Introduction
Design patterns are a collection of programming methodologies used in day-to-day programming. They represent solutions to some commonly occurring problems in the programming industry, which have intuitive solutions.
Sooner or later, a desktop program, mobile app, or some other type of software will inevitably become complex and start exhibiting certain kinds of problems. These problems are typically related to the complexity of our codebase, non-modularity, inability to separate certain parts from each other, etc.
For this reason, design patterns have become the de facto standard in the programming industry since their initial use a few decades ago due to their ability to solve many of these problems. In this article, we will dive deeper into one of these methodologies - namely, the Factory Method Pattern.
Creational Design Patterns
The Factory Method Pattern is one of several Creational Design Patterns we often use in Java. Their purpose is to make the process of creating objects simpler, more modular, and more scalable.
These patterns control the way we define and design the objects, as well as how we instantiate them. Some encapsulate the creation logic away from users and handles creation (Factory and Abstract Factory), some focus on the process of building the objects themselves (Builder), some minimize the cost of creation (Prototype) and some control the number of instances on the whole JVM (Singleton).
Specifically, the Factory Method and Abstract Factory are very common in Java software development.
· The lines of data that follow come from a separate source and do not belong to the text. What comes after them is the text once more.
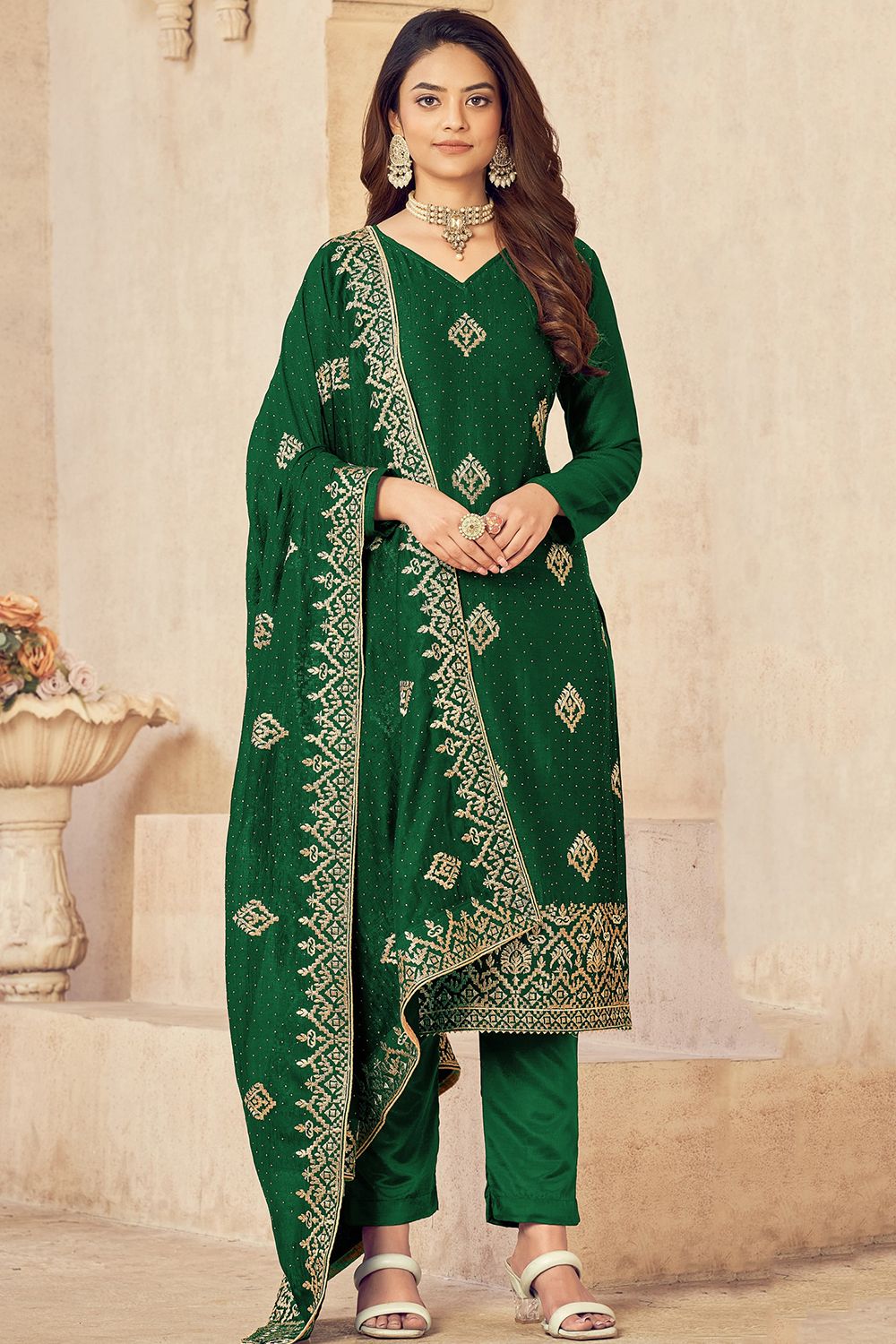 Dark Green Embroidered Silk Trouser Suit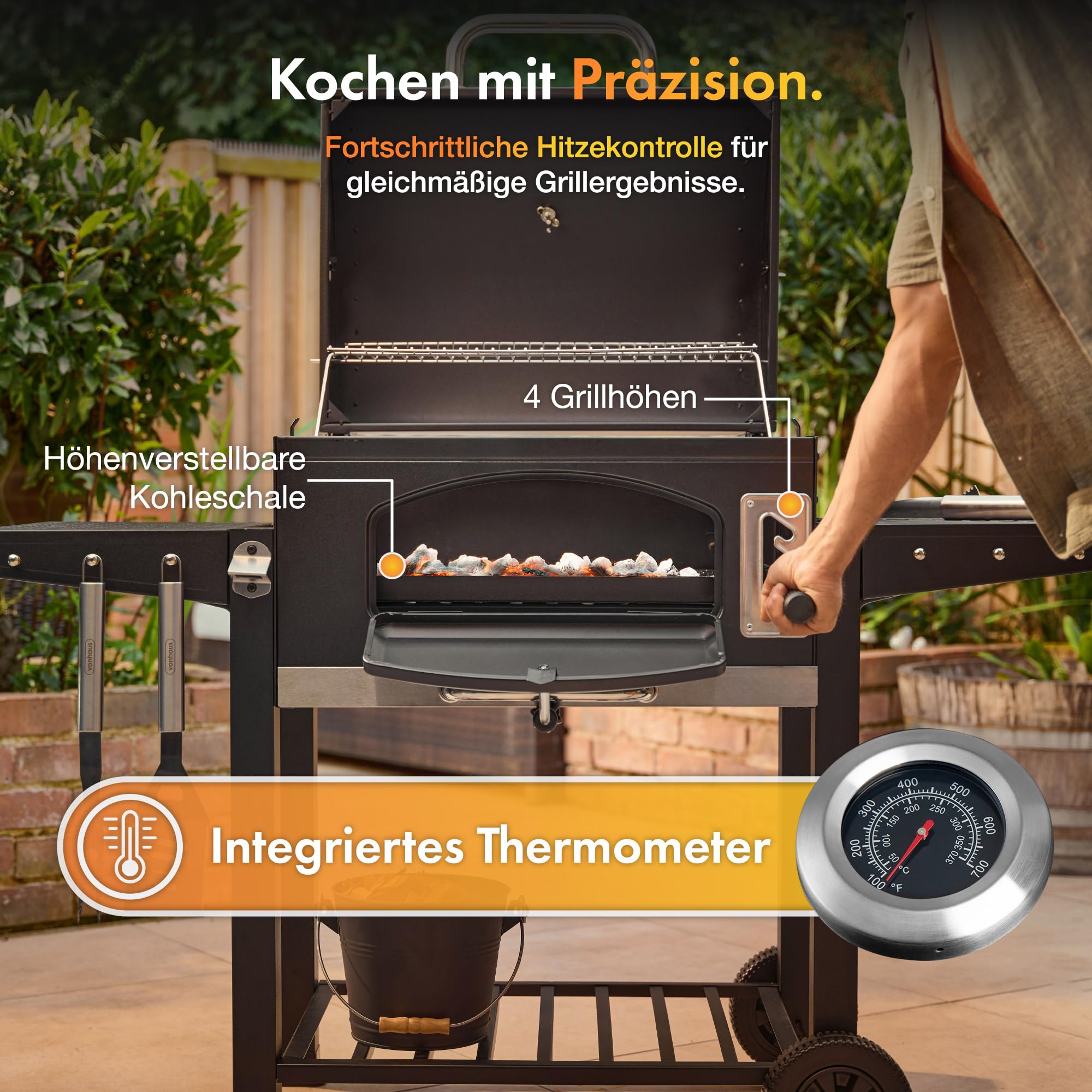 VonHaus Holzkohlegrill XL, Amerikanisher Barbecue 2-in-1 Grill und Smoker mit Warmhalterost, Klappablagen, Temperaturanzeige, Grillrost, Luftventilen, Tragbar, Für Fleisch, Fisch und Gemüse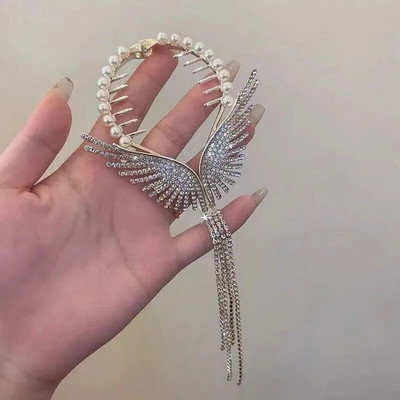 Cvjetna kopča za kosu s resicama Žene Dame Leptir Rhinestone Biser Metalna kandža za kosu Okrugla punđa Držač za rep Dodaci za kosu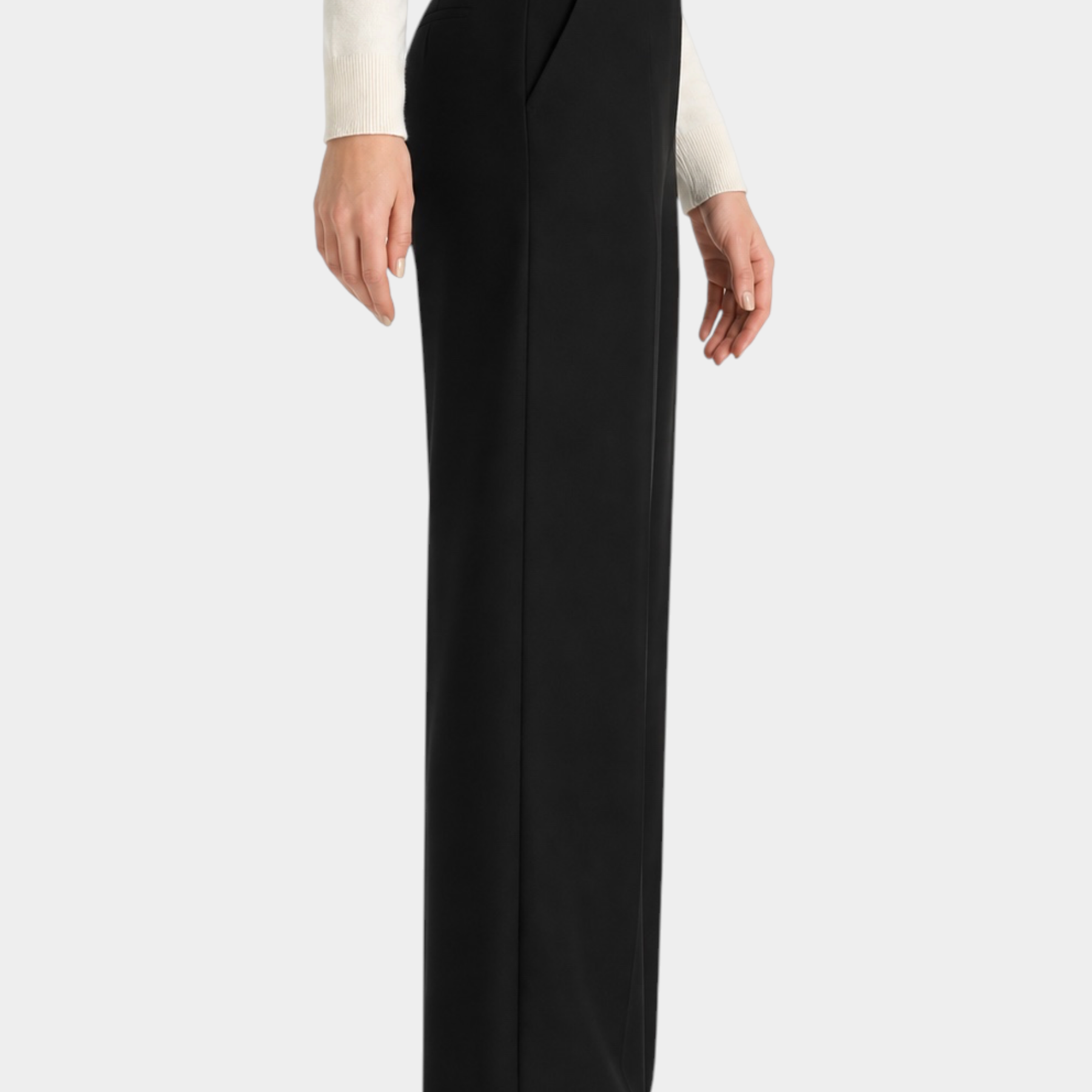 Pantalone a palazzo nero Follower SRL in tessuto compact con tasche laterali e dettaglio metallico in vita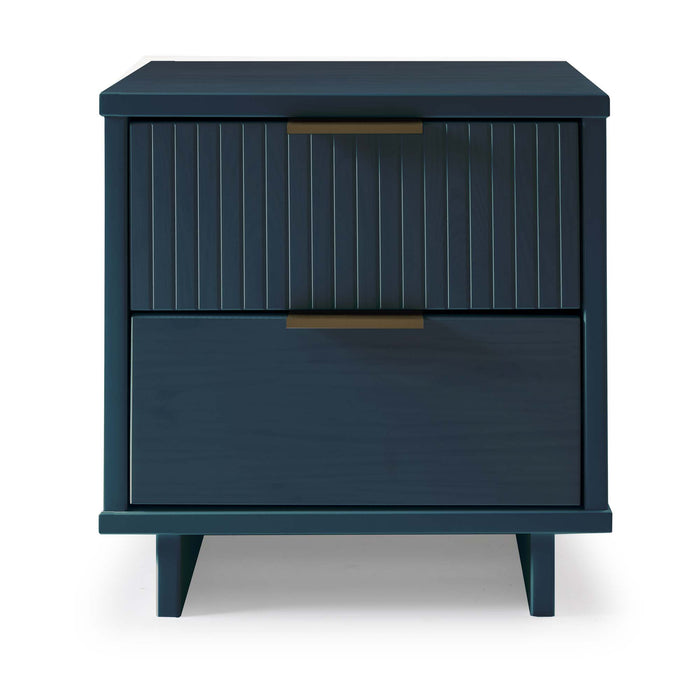 Table de nuit moderne Granville de Manhattan Comfort avec tiroir à extension complète - gris clair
The Factory Method Pattern
The Factory Method Pattern (also known as the Virtual Constructor or Factory Template Pattern) is a creational design pattern used in object-oriented languages.
The main idea is to define an interface or abstract class (a factory) for creating objects. Though, instead of instantiating the object, the instantiation is left to its subclasses.
Each object is created through a factory method available in the factory - which can either be an interface or an abstract class.
If the factory is an interface - the subclasses must define their own factory methods for creating objects because there is no default implementation.
If the factory is a class - the subclasses can use existing implementation or optionally override factory methods.
With the Factory Pattern, the object creation logic is hidden from the client. Instead of knowing the exact object class and instantiating it through a constructor, the responsibility of creating an object is moved away from the client.
The client can then create objects through a common interface which simplifies the process.
This approach separates the object creation from the implementation, which promotes loose coupling and thus easier maintenance and upgrades.
Motivation
After some theoretical introduction, let's see the Factory Pattern in practice.
Imagine we're trying to build our own spaceship. Since this is a simplified example, we'll also simplify the construction and say that our spaceship consists of a hull, an Engine, and a satellite Dish:
public class SpaceshipHangar {
public Spaceship createSpaceship() {
Spaceship ship = new Spaceship();
Engine engine = new SublightEngine();
Dish dish = new RoundDish();
ship.setEngine(engine);
ship.setDish(dish);
return ship;
}
}
Note: SublightEngine and RoundDish are subclasses of Engine and Dish, respectively.
Now imagine that you showed your new spaceship to a friend, and suddenly they want a spaceship of their own too. But instead of the SublightEngine they want to put a HyperdriveEngine, and instead of the RoundDish they want to put a SquareDish:
public class SpaceshipHangar {
public Spaceship createSpaceship() {
Spaceship ship = new Spaceship();
Engine engine = new HyperdriveEngine();
Dish dish = new SquareDish();
ship.setEngine(engine);
ship.setDish(dish);
return ship;
}
}
Since the instantiations are hard-coded, you could either create a duplicate of your original method or change its code.
If you duplicate the method each time someone else wants to make a slight modification to the ship, this quickly becomes a problem because you will have lots of almost identical methods with minimal difference.
If you change the original code, then the method itself looses the point because it needs to be rewritten every time someone wants to make a small change to the ship.
This goes on as you add more related variations of a logical collection - all spaceships for instance.
Implementation
To solve this problem, we can create a Factory of spaceships and leave the specifics (which engine or dish is used) to the subclasses to define.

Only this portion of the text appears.